More preferably, at least a major portion, that is, about 50% or higher, or substantially all of the granular material comprises granules 30 having substantially non-angular shapes, for example, substantially smooth or rounded shapes. In other words, at least a major portion of the granular material preferably mostly comprises granules 30 that have relatively low abrasion characteristics. For example, the granular material may comprise a natural rock-based polished gravel material, or a synthetic equivalent thereof. In one very useful embodiment, a major portion of or all of the granular material in the core 20 comprises peat gravel, for example but not limited to peat gravel having an average granule diameter of between about 0.2 inches and about 0.5 inches.

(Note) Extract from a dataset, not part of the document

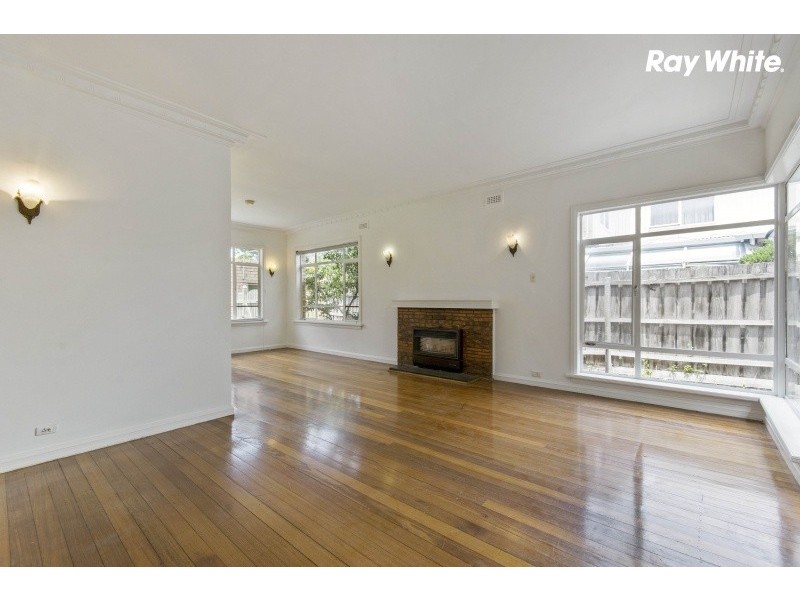 32 Rosemary Road, Beaumaris VIC 3193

Preferably, the core 20 further comprises an inner enclosure 34 confining the granular material 30. The inner enclosure 34 may comprise a fabric material, for example a high strength, puncture resistant geotextile material. Preferably, the inner enclosure material is a high tensile strength and substantially puncture resistant, porous material. For example, the inner enclosure material may comprise a non-woven polypropylene geotextile having a high tensile strength, such as Mirafi® N-Series Non-Woven Geotextile. For example, the geotextile material is cut and stitched together to form a pocket enclosure which is filled with the granular material 30, and sewn shut.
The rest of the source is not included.